Start of Source information

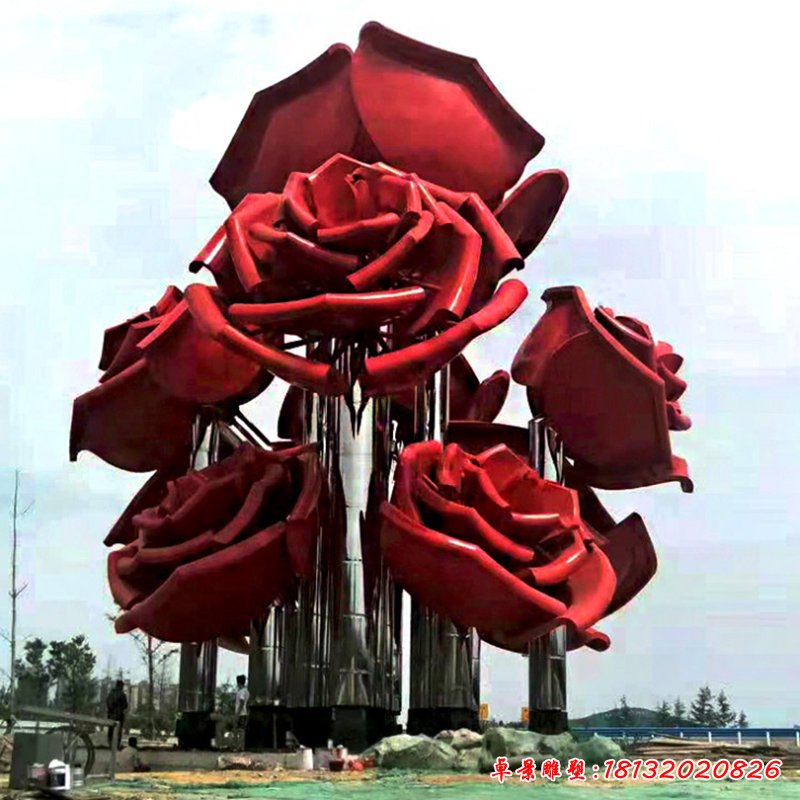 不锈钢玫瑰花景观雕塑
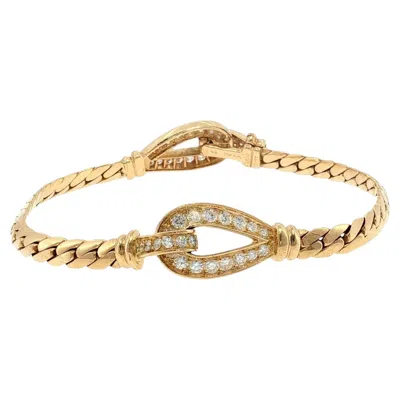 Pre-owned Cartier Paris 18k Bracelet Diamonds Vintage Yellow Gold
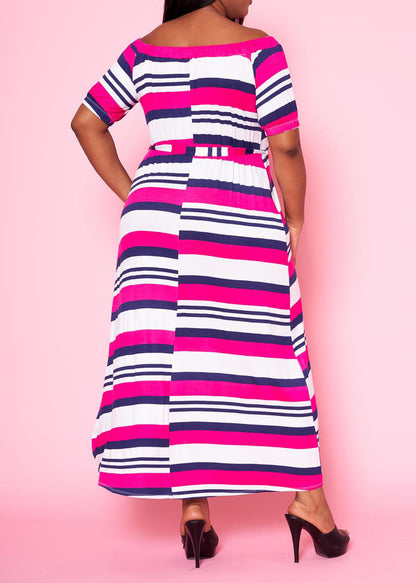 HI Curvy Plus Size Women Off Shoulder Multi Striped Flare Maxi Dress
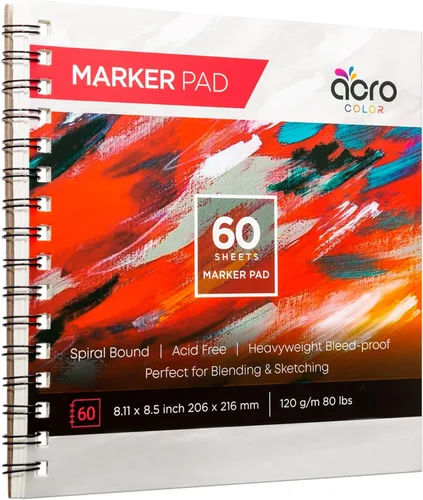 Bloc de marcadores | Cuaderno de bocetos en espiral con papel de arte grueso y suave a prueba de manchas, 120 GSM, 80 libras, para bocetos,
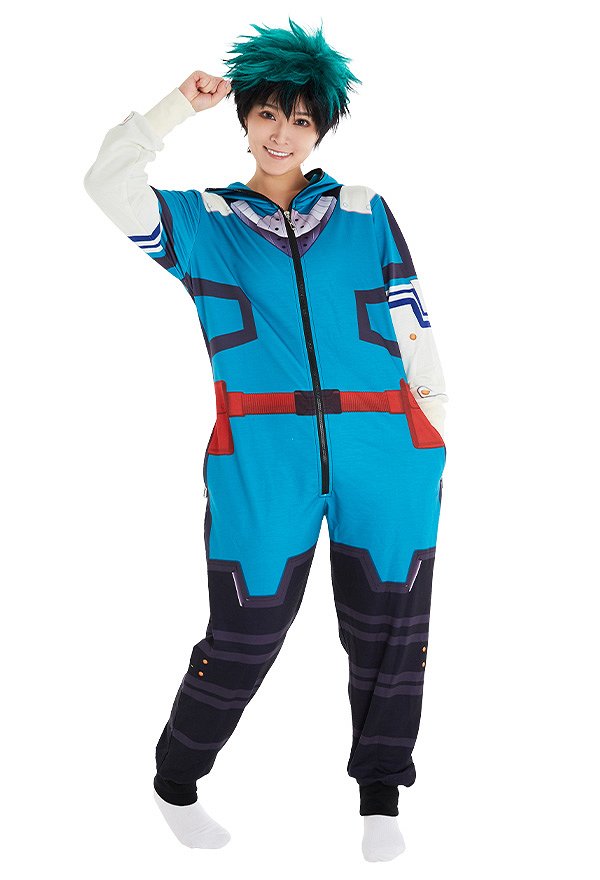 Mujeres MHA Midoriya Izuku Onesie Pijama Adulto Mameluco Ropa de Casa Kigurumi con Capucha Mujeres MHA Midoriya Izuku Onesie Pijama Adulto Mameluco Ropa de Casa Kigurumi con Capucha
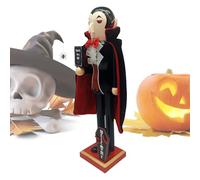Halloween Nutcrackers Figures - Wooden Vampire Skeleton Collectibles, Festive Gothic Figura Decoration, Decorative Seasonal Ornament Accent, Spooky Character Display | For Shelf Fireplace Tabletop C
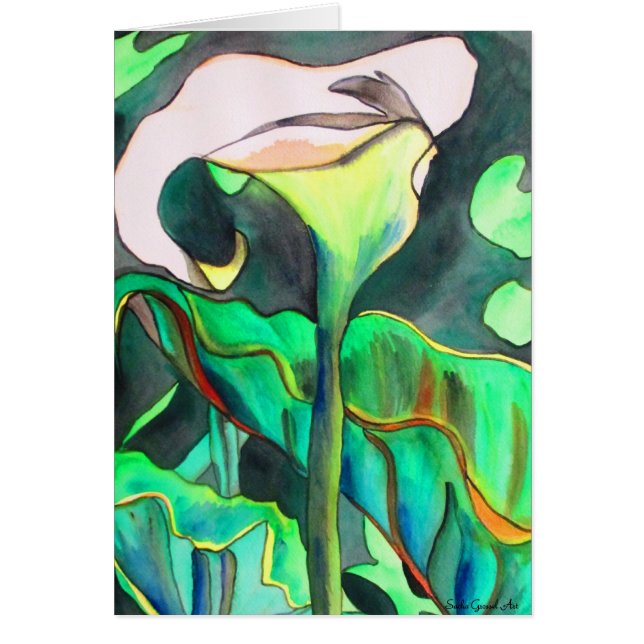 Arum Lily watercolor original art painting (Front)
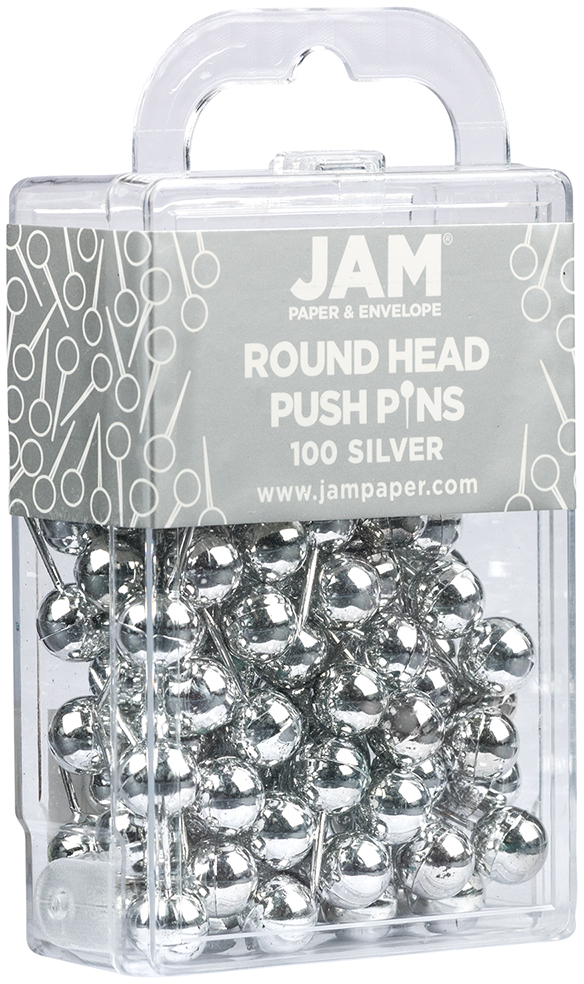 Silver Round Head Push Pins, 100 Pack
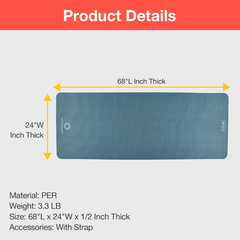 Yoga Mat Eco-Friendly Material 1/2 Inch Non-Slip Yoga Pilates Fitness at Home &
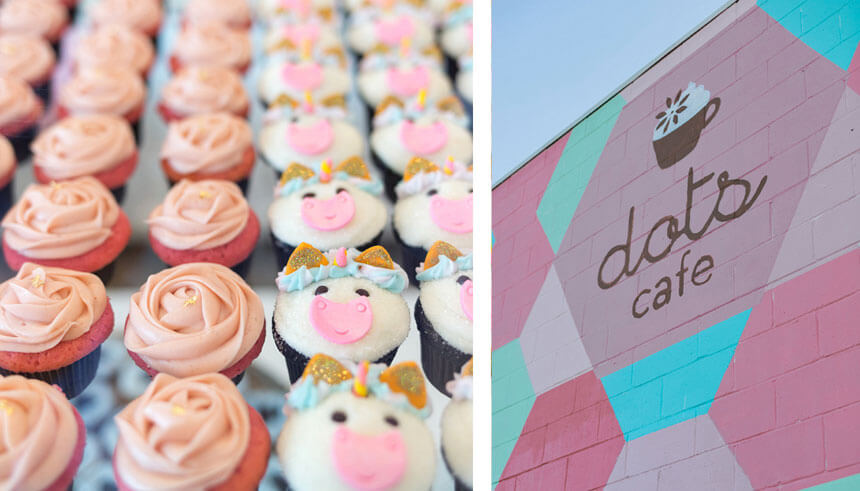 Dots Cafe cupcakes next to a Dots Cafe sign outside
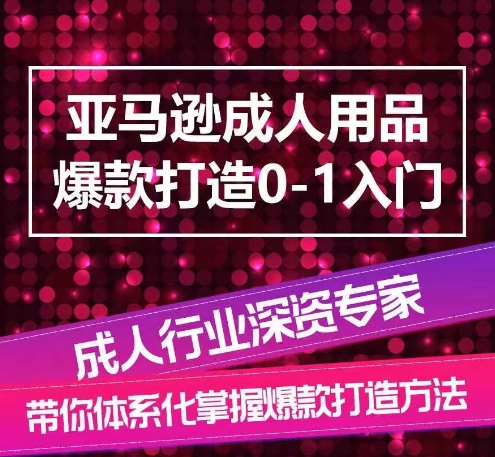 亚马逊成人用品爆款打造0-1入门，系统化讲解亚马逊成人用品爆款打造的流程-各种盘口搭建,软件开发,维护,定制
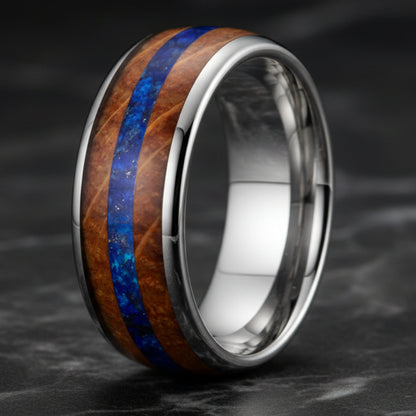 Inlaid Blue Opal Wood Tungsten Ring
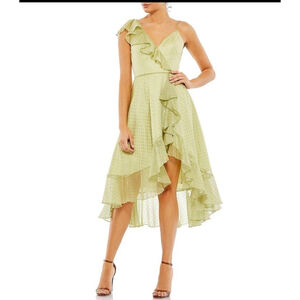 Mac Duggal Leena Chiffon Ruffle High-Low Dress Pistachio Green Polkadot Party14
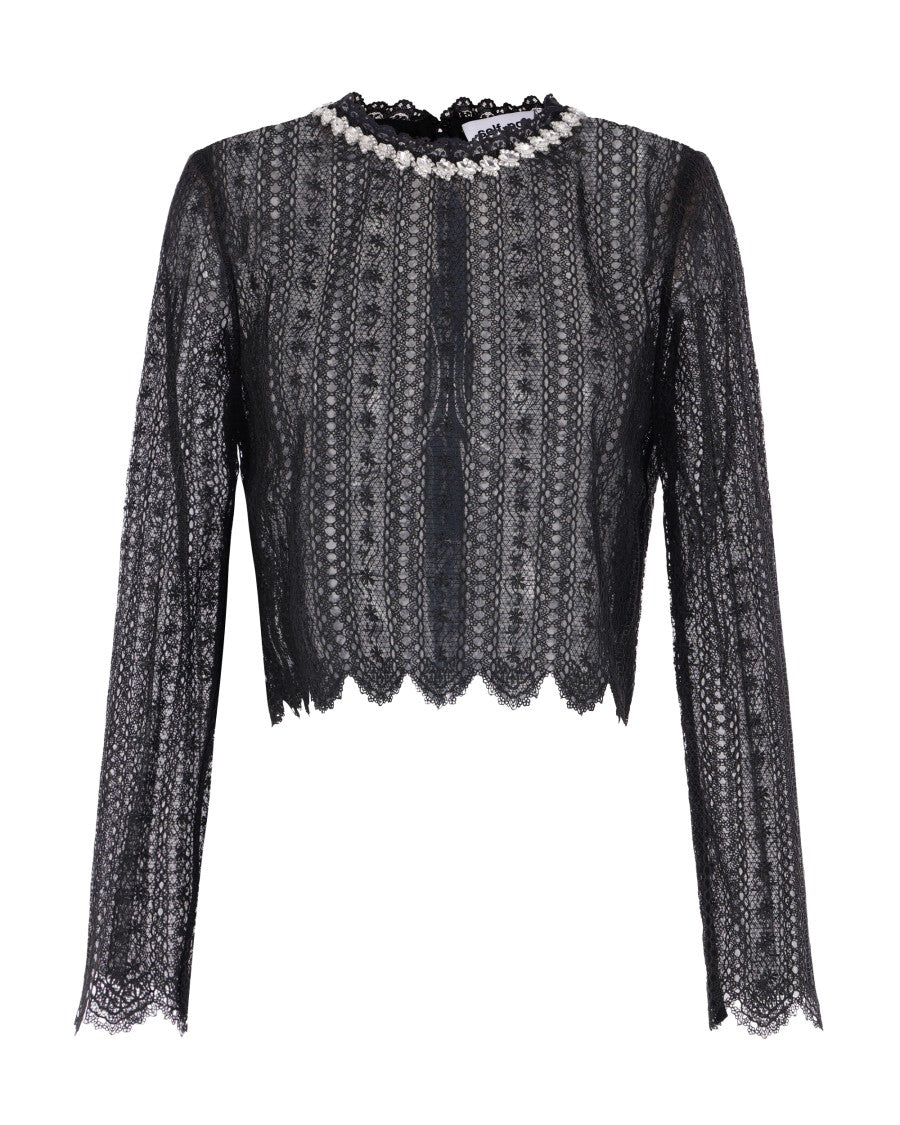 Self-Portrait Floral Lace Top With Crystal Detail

End of Source information

#### Required action:
Before handing back the copy, remove the pictures; otherwise print the data exactly.

#### Task answer:
 不锈钢玫瑰花景观雕塑
 Pre-owned Cartier Paris 18k Bracelet Diamonds Vintage Yellow Gold
 HI Curvy Plus Size Women Off Shoulder Multi Striped Flare Maxi Dress
 Bloc de marcadores | Cuaderno de bocetos en espiral con papel de arte grueso y suave a prueba de manchas, 120 GSM, 80 libras, para bocetos,
 Mujeres MHA Midoriya Izuku Onesie Pijama Adulto Mameluco Ropa de Casa Kigurumi con Capucha Mujeres MHA Midoriya Izuku Onesie Pijama Adulto Mameluco Ropa de Casa Kigurumi con Capucha
Halloween Nutcrackers Figures - Wooden Vampire Skeleton Collectibles, Festive Gothic Figura Decoration, Decorative Seasonal Ornament Accent, Spooky Character Display | For Shelf Fireplace Tabletop C
 Arum Lily watercolor original art painting (Front)
 Silver Round Head Push Pins, 100 Pack
 Yoga Mat Eco-Friendly Material 1/2 Inch Non-Slip Yoga Pilates Fitness at Home &
 Dots Cafe cupcakes next to a Dots Cafe sign outside
 亚马逊成人用品爆款打造0-1入门，系统化讲解亚马逊成人用品爆款打造的流程-各种盘口搭建,软件开发,维护,定制
 Inlaid Blue Opal Wood Tungsten Ring
 Mac Duggal Leena Chiffon Ruffle High-Low Dress Pistachio Green Polkadot Party14
 Self-Portrait Floral Lace Top With Crystal Detail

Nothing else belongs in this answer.